文●九島辰也 写真●アウトモービリ・ピニンファリーナ・ジャパン

 少し珍しいクルマを拝んできました。まさに“拝む”というのが正しい表現のような滅多にお目にかかれないモデルです。ブランド名はアウトモービリ・ピニンファリーナ。ご存知イタリアの名門カロッツェリア、ピニンファリーナの子会社です。そして彼らが最初に世に出した市販車がバッティスタ。ピニンファリーナの創業者、バッティスタ・ファリーナ氏への敬意からその名が付けられました。

 そのバッティスタの進化版「バッティスタ・チンクアンタチンクエ」と、ハイパーバルケッタ「B95」が日本上陸し、イタリア大使館の庭で顧客とメディア向けにお披露目されたのです。日本での展開を任されたのはスカイグループ。

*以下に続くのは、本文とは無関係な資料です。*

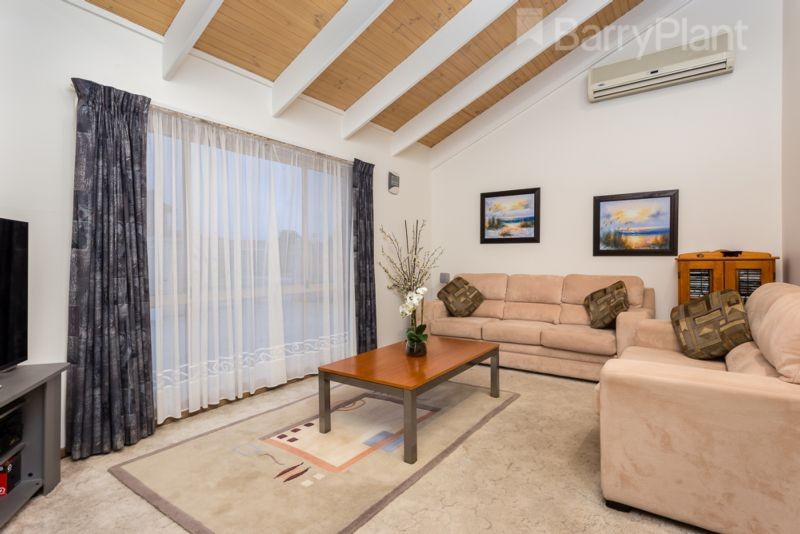 1/59 Tatman Drive, Altona Meadows, VIC 3028 - Thumbnail 1 - 18/05/2019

アストンマーティンやベントレー、マクラーレン、マセラティ、さらにはブガッティ云々の正規ディーラーを運営している会社です。つまり、富裕層に近い存在ということですね。クルマに億単位でお金を使うことのできる人たちに慣れているという感じでしょう。

アウトモービリ・ピニンファリーナ バッティスタ・チンクアンタチンクエ

 それはともかく、「バッティスタ・チンクアンタチンクエ」のベースとなる「バッティスタ」はそもそも2019年3月に行われたジュネーブモーターショーで世界初公開されました。フルカーボン製モノコックボディはもちろんピニンファリーナの手によりデザインされ、パワーソースには大容量のリチウムイオンバッテリーと4つのモーターが組み合わされます。総出力は脅威の1900ps。まさにハイパーEVと呼ばれるに相応しい代物です。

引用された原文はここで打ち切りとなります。